Montag, 25. Juni 2012

Zazen ist Handeln und Arbeiten ist Handeln



Wenn wir dem Tun und Handeln gerade im Hinblick auf die Freiheit einen so hohen Stellenwert einräumen, muss auch unsere Einstellung zur Arbeit ganz neu bedacht und grundsätzlich geändert werden. Arbeit ist dann das Tun und Handeln im Augenblick, also das Leben selbst, und nicht mehr die Mühsal, um das nötige Geld zu erwerben, um überleben zu können. Dōgen zitiert dazu Meister Daichi: „Ein Tag ohne Arbeit ist ein Tag ohne Essen.“
So ergibt sich eine erstaunliche Ähnlichkeit mit Dōgens Aussagen zum Zazen, weil die Übungspraxis im Augenblick nicht von dem Ziel des Erwachens und der Erleuchtung abgetrennt werden darf, sondern beides im Augenblick des wahren Handelns verschmilzt. Übungspraxis bedeutet also, handelnd das Erwachen selbst zu erfahren, und Nishijima nennt dies folgerichtig die erste Erleuchtung. 
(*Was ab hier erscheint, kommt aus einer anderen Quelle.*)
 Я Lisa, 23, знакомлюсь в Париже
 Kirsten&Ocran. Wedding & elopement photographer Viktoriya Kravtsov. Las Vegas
Wer „richtig“ Zazen praktiziert, hat bereits alles erreicht, was möglich ist, und sitzt in der wahren Wirklichkeit. Das ist der große Beitrag von Meister Dōgen zum japanischen Buddhismus, der in der heutigen Zeit in den Westen gekommen ist. Das Handeln im Augenblick ist also die Wirklichkeit und unser wahres Leben.
Dōgen behandelt verschiedene Begriffe und Vorstellungen davon, was ein Buddha sei, und grenzt sie entschieden ab vom wirklichen Handeln. Auf diese Weise verdeutlicht er, dass die Begriffe von „Buddha“ nicht die Wirklichkeit selbst sind, sondern eben nur Bezeichnungen auf der Wortebene. Er erinnert daran, dass die wahren Buddhas, die im Zustand der Wirklichkeit sind, nicht sehnsuchtsvoll auf die Erleuchtung warten, sondern im Augenblick handeln.

„Das Meistern des Handelns in Buddhas höchstem Zustand der Wahrheit gehört allein zum handelnden Buddha. Er wird niemals von dem Buddha als subjektive Natur und Ähnlichem verwirklicht, nicht einmal im Traum.“

Mit dieser Feststellung legt Dōgen den Schwerpunkt auf die Meisterschaft des Handelns im höchsten Zustand der Wahrheit, die Nishijima als vierte Lebensphilosophie bezeichnet. Allein dieser handelnde Buddha ist nach Dōgens Verständnis ein wirklicher Buddha und nur wer ein solches Handeln meistert, kann sich im höchsten Zustand befinden. Ob wir dabei den Begriff „Erleuchtung“ verwenden oder nicht, hat gegenüber der Wirklichkeit des Handelns keine große Bedeutung. Solche Begriffe dienen zwar der Kommunikation und sind wohl notwendig für das Verständnis des Lernprozesses auf dem Buddha-Weg, aber sie können die Wirklichkeit nicht voll erfassen. Sie liegt nach Dōgen im Handeln selbst, das nicht egoistisch nach eigener Erleuchtung strebt und mit großer Willensanstrengung darauf hinarbeitet; sie ist das reine und wahre Handeln.

„Weil dieser handelnde Buddha die Wahrheit in jedem Augenblick verwirklicht, ist die Wahrheit (schon) vor (der Trennung) von Körper (und Geist) verwirklicht. (Schon) vor den verbalen Formulierungen umfasst das Herausströmen des Wesentlichen der Lehre die Zeit, umfasst (alle) Richtungen, umfasst Buddha und umfasst das Handeln.“

Diese schwierige Textstelle hat Nishijima kürzlich wie folgt erklärt: Beim Handeln gibt es keine Trennung von Körper und Geist, das Handeln ist das Ursprüngliche. Wenn wir handeln, ist der Körper daher nicht isoliert. Eine solche mögliche Isolierung erfolgt immer nach dem Handeln und die Wirklichkeit der handelnden Buddhas gibt es deshalb vorher.
Die verbalen Formulierungen erfolgen später als das Handeln. Das Handeln als Wirklichkeit gibt es daher vor dem Denken und Reden.